Time estimates drive the setting of deadlines for delivery of projects, and hence peoples' assessments of your reliability
They often determine the pricing of contracts and hence their profitability.
Usually people vastly underestimate the amount of time needed to implement projects. This is true particularly when they are not familiar with the task to be carried out.

They forget to take into account unexpected events or unscheduled high priority work. People also often simply fail to allow for the full complexity involved with a job.

This section discusses how to estimate time on small projects. Time estimates are important inputs into the other techniques used to organize and structure medium and large sized projects (Gantt charts and Critical Path Analysis). Both of these techniques reduce large projects down into a set of small projects.

How to Use the Tool:
The first stage in estimating time accurately is to fully understand what you need to achieve. This involves reviewing the task in detail so that there are no unknowns. Inevitably it is the difficult-to-understand, tricky problems that take the greatest amount of time to solve.

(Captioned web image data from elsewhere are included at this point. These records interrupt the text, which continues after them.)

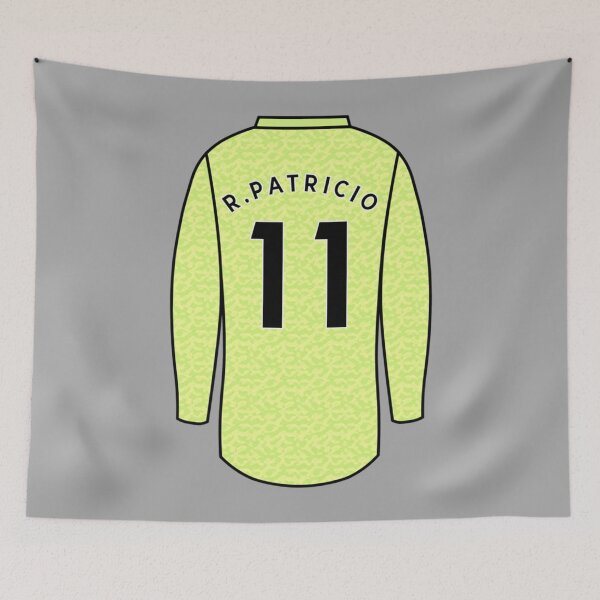 Item preview, Rui Patricio Jersey     designed and sold by BartolettiAlex.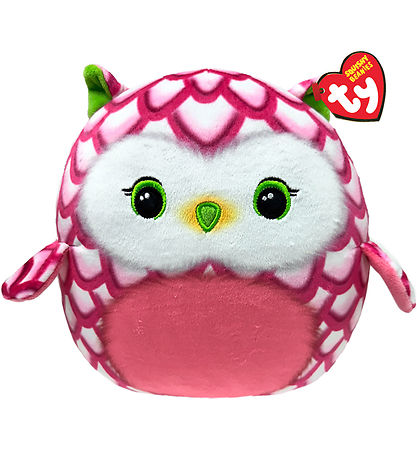 Ty Soft Toy - Squishy Beanies - 25 cm - Tootie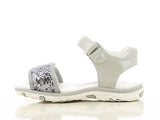LEOMIL GIRL SANDAL FR000700 LIGHT GREY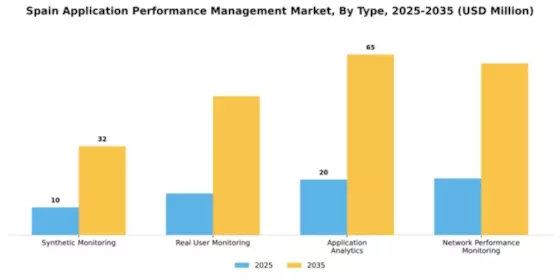 Spain Application Performance Management Market Segment Image 3
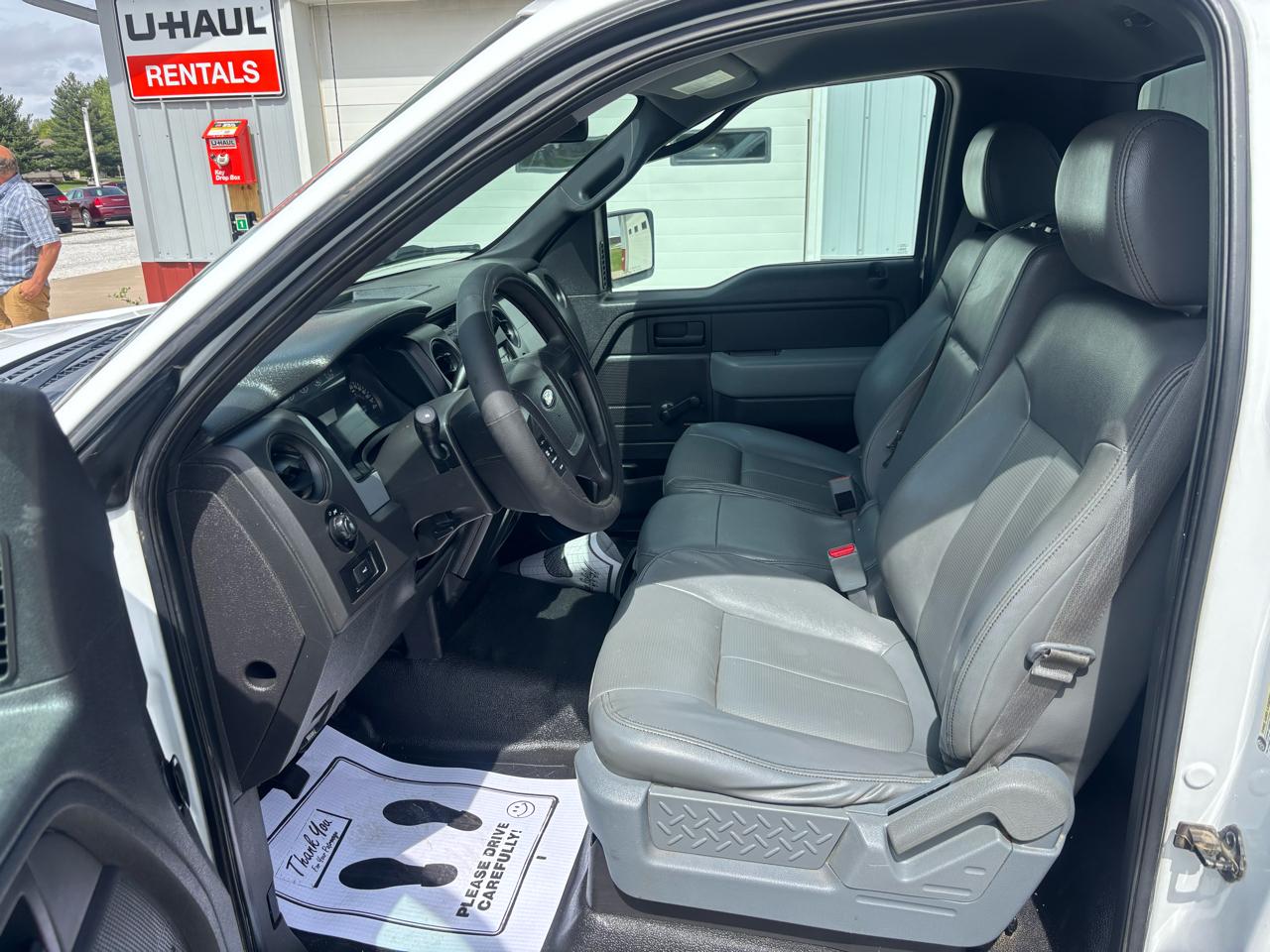 Ford F-150 XLT 8-ft. Bed 2WD 2013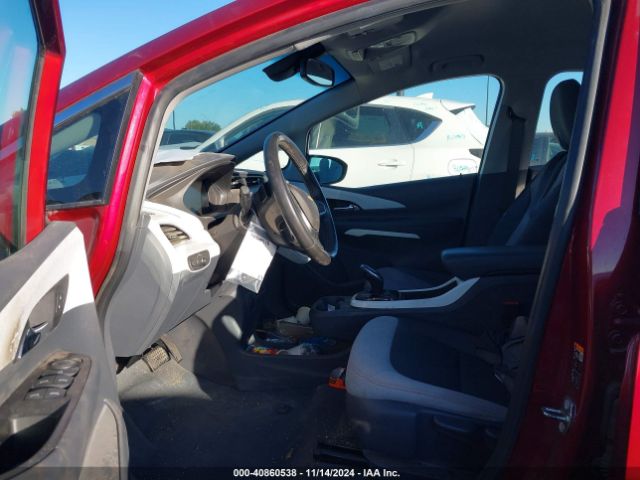 1G1FW6S01J4118702 Chevrolet BOLT EV LT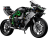 42170 LEGO® Technic Kawasaki Ninja H2R Motocikls 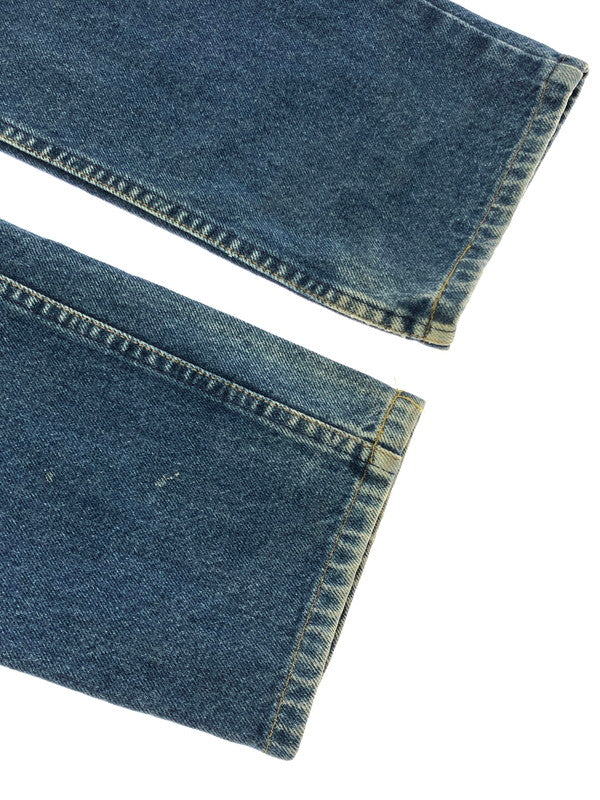 【中古品】【メンズ】 Levi's リーバイス 90’s 510 DENIM PANTS 510-0217 90年代 510 デニムパンツ USA製 525刻印 SMALL-E 92年製 157-260211-rt-09-tag サイズ：W29 L34 カラー：インディゴ 万代Net店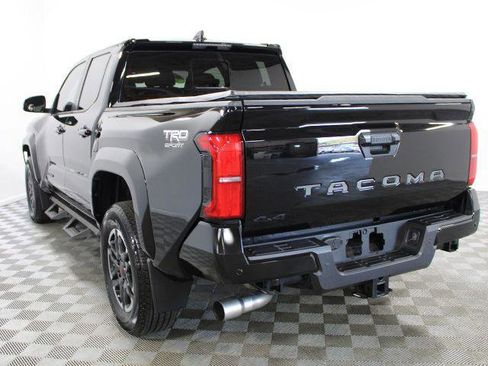 Certified 2024 Toyota Tacoma TRD Sport w/ TRD Sport Upgrade Package AWD/4WD image 4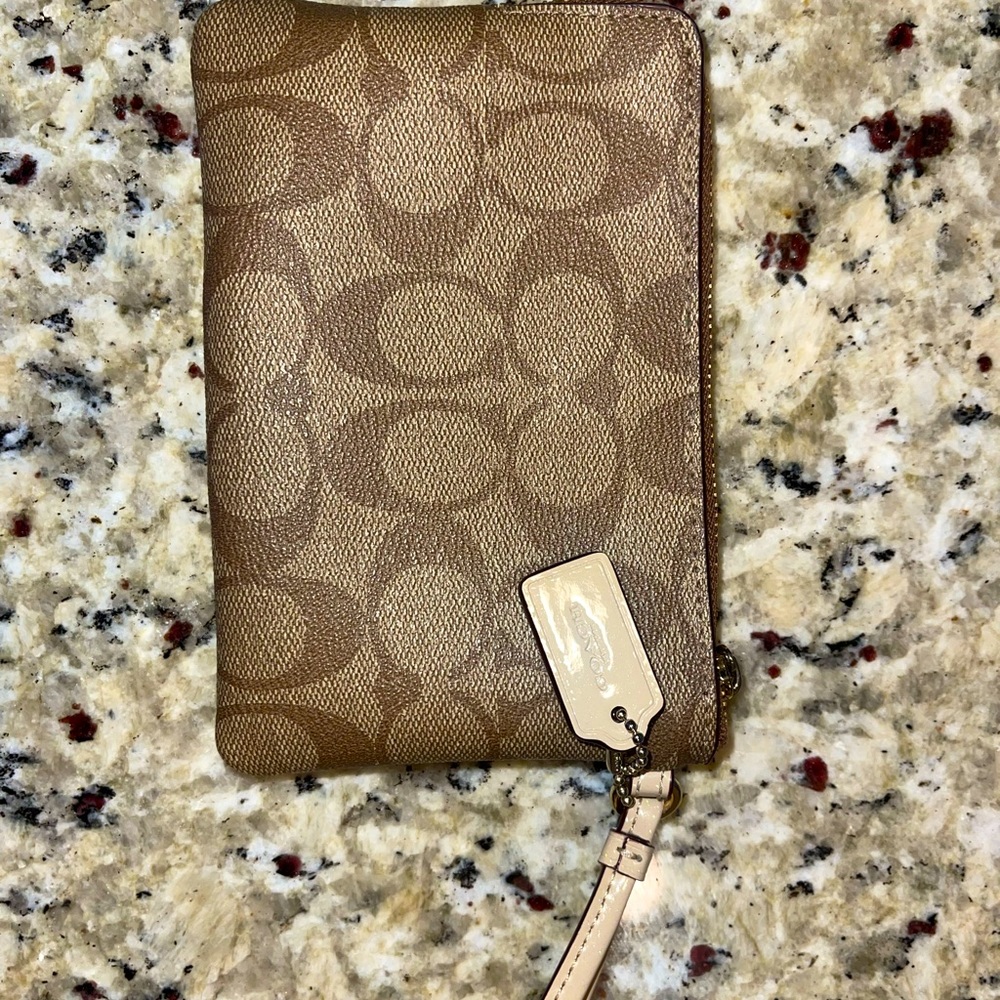 Coach Wallet Retro - Picture 2 of 2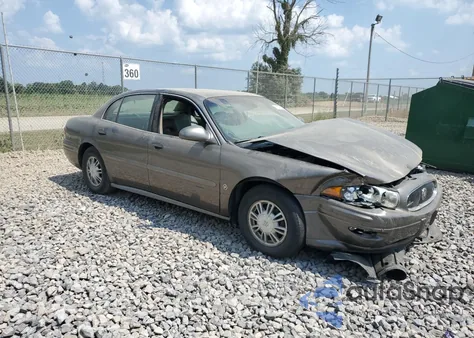 2002 Buick Lesabre Custom z USA, uszkodzony, nr VIN 1G4HP54K72U235235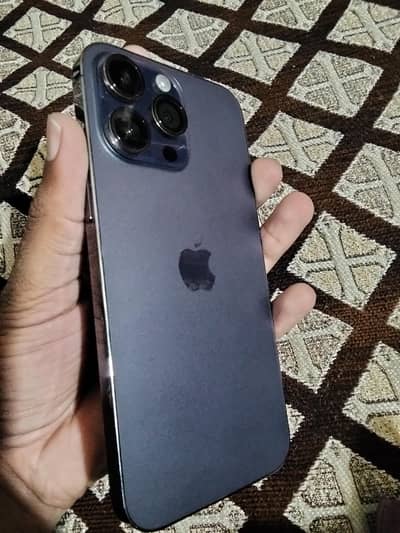 iPhone 14 pro max Deep purple PTA Approved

The best way to review the job is to list all tasks in full detail. Simple techniques such as Drill-Down are useful for this.

Once you have a detailed list of all the tasks that you must achieve, make your best guess at how long each task will take to complete.

Ensure that within your estimate you also allow time for project management, detailed project planning, liaison with outside bodies, meetings, quality assurance and any supporting documentation necessary.

Also make sure that you have allowed time for:

Other high urgency tasks to be carried out which will have priority over this one

Accidents and emergencies

Internal meetings

Holidays and sickness in essential staff

Contact with other customers, perhaps to arrange the next job

Breakdowns in equipment

Missed deliveries by suppliers


Quality control rejections

These factors may double (or more than double) the length of time needed to complete a project.

If the accuracy of time estimates is critical, you may find it effective to develop a systematic approach to including these factors. If possible, base this on past experience.

Key points:
You can lose a great deal of credibility by underestimating the length of time needed to implement a project. If you underestimate time, not only do you miss deadlines, you also put other project workers under unnecessary stress. Projects will become seriously unprofitable, and other tasks cannot be started.

The first step towards making good time estimates is to fully understand the problem to be solved.

You can then prepare a detailed list of tasks that must be achieved. This list should include all the administrative tasks and meetings you need to carry out as well as the work itself.

Finally, allow time for all the expected and unexpected disruptions and delays to work that will inevitably happen.